Statoil, Norway’s top fuel producer, was due to hire contractors in the next few weeks to work on the Mariner and Bressay fields, the biggest development opportunity left in the North Sea with 3.5bn barrels of oil equivalent. But a spokesperson for the firm said yesterday: “We believed that we were able to develop [the fields] but with these proposed tax increases we need to reconsider the project.”
Statoil was due to produce its first oil at the site in 2016. Around 640m barrels of crude oil are expected to be extracted from the sites – carrying a value of tens of billions of pounds at today’s price of $115.34 a barrel.
George Osborne hiked the tax on UK oil profits from 20 to 32 per cent in last week’s Budget, fuelling fears that jobs would be lost and exploration halted, forcing the UK?to rely more on imported energy.
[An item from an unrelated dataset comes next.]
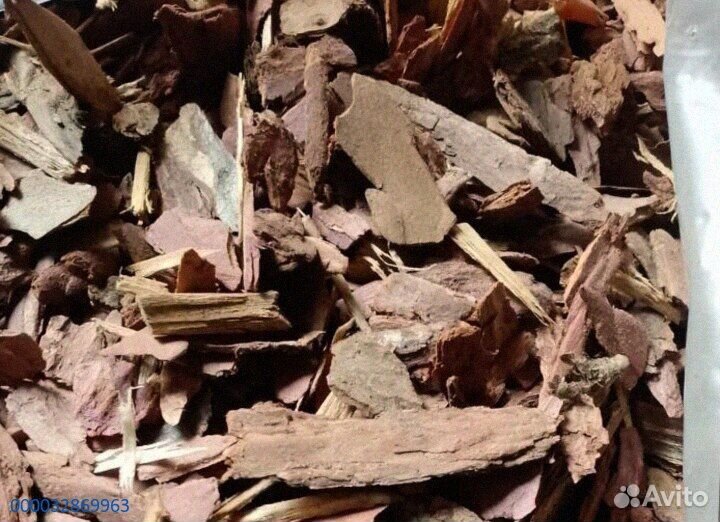 Кора лиственницы Сибири: доставка в мешках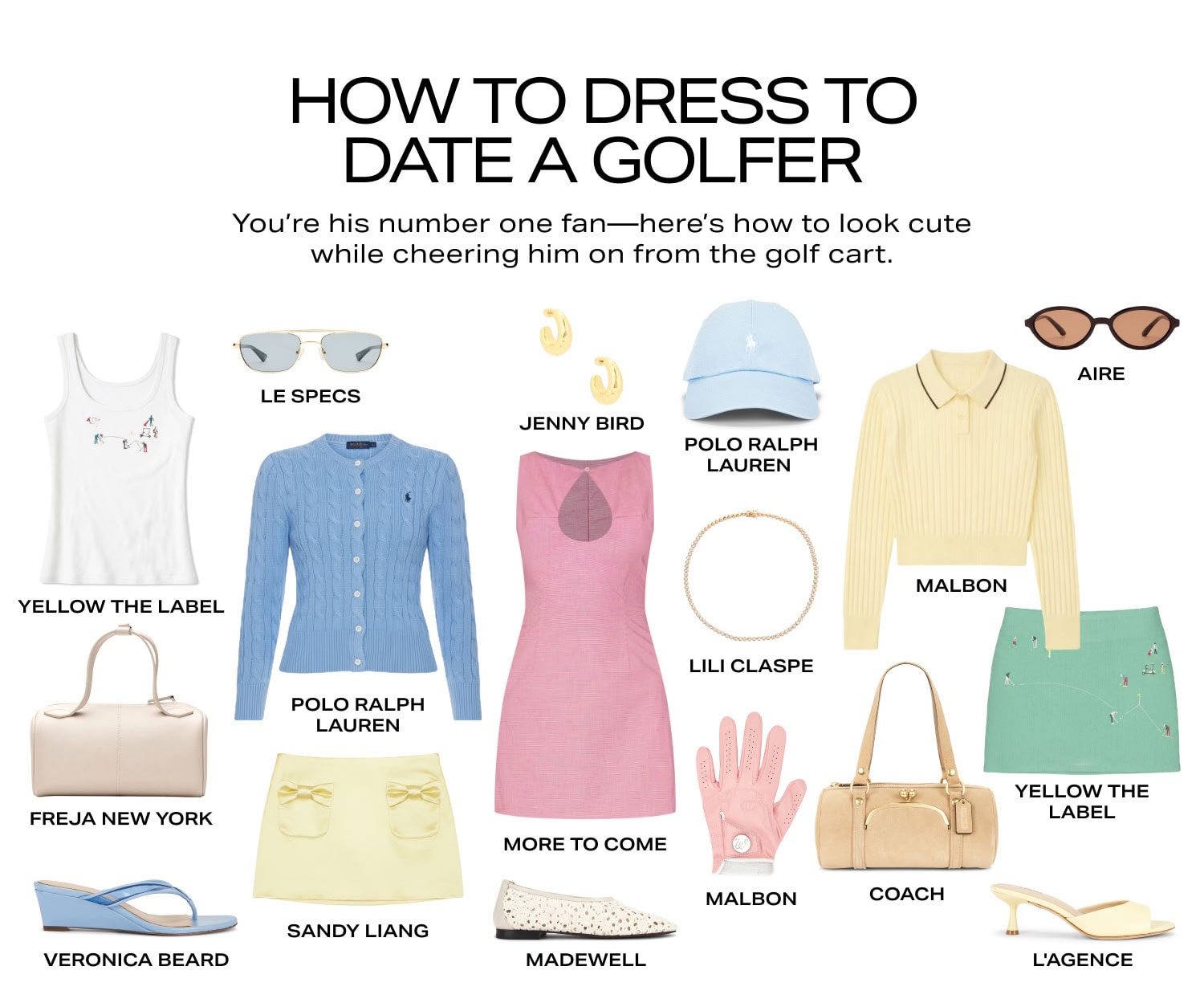 Shop How to Dress To Date A Golfer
Some older oil fields now have a tax rate of 81 per cent.
The government hopes to raise more than £10bn over the course of the current Parliament, to fund an immediate 1p per litre fuel duty cut and a fuel stabiliser to cushion motorists from rising oil prices.
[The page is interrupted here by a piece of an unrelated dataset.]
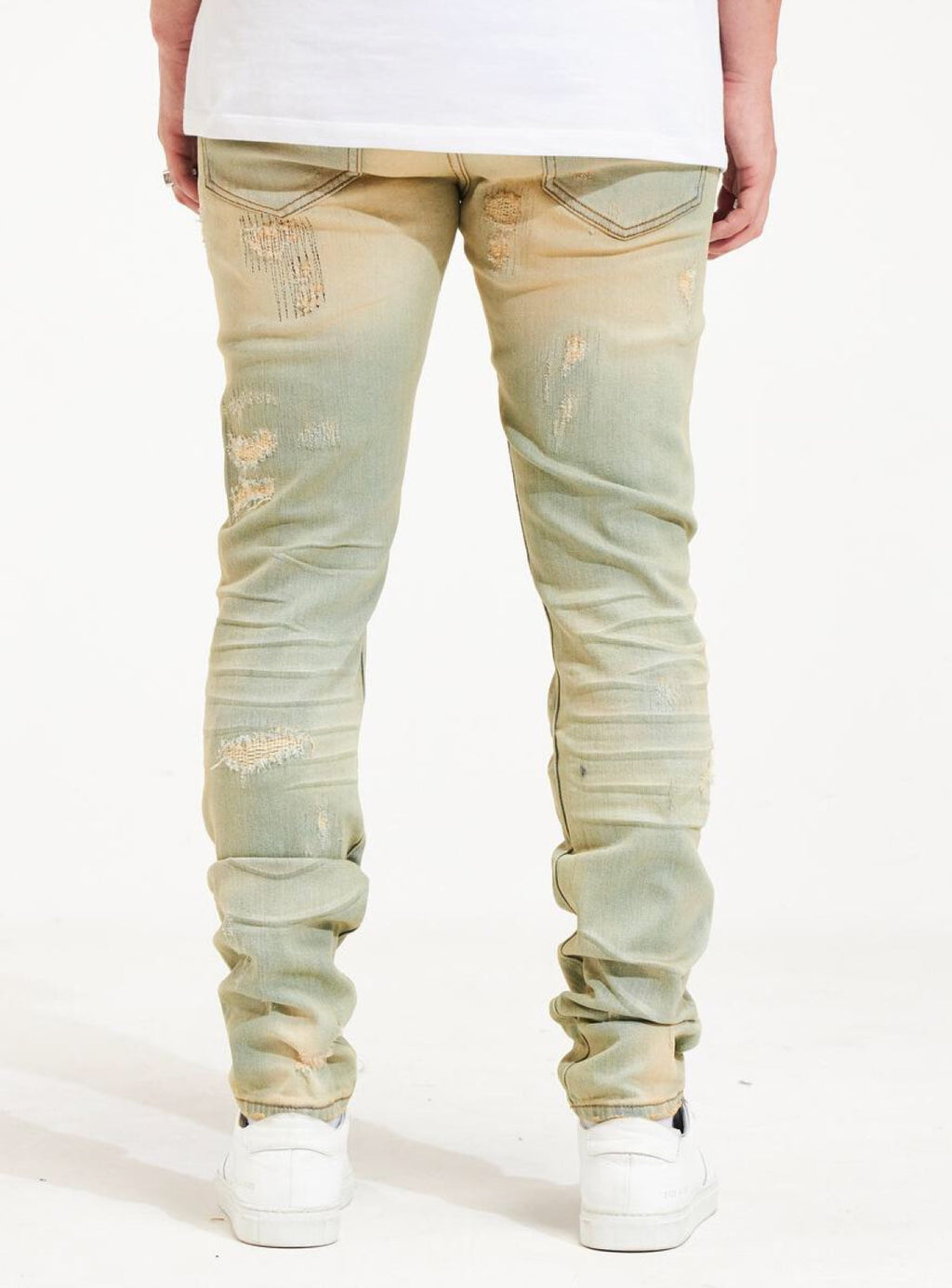 Embellish Jeans - Cast - Lt. Blue Sand - EMBSP222-114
Osborne told yesterday’s Treasury select committee: “I don’t think it is possible to actively consult a business sector on a tax rise in a Budget. I think that would have been very difficult.”
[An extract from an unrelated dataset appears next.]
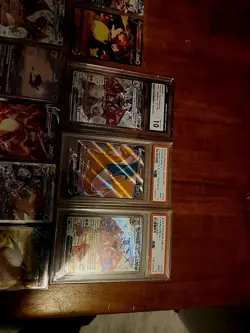 19 singles 3 slabs charizard lot 22 cards total - Image 2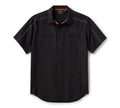 Men's H-D TECH Willie G Skull Vented Shirt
He added: “No industry is going to welcome with open arms a tax rise on it and I would be very surprised if they had, but I would suggest that the current oil price and the forecast oil price certainly makes it very profitable to invest in the North Sea.” Osborne said the government will get in touch with Statoil to talk about the tax raid.
Industry body Oil & Gas UK said it was not surprised by Statoil’s decision. “The tax change has damaged the industry’s confidence and trust in the tax regime and that trust will take a long time to rebuild,” said economics director Mike Tholen.
Oil & Gas UK also contradicted guidance from the Office of Budget Responsibility, whose chairman Robert Chote told the select committee yesterday that the tax increase would have “no significant impact” on investments, adding that Statoil had merely postponed its final decision rather than the actual project.
Osborne added that the Organisation for Economic Co-operation and Development (OECD) has praised his Budget as “pav[ing] the way for a stronger recovery”.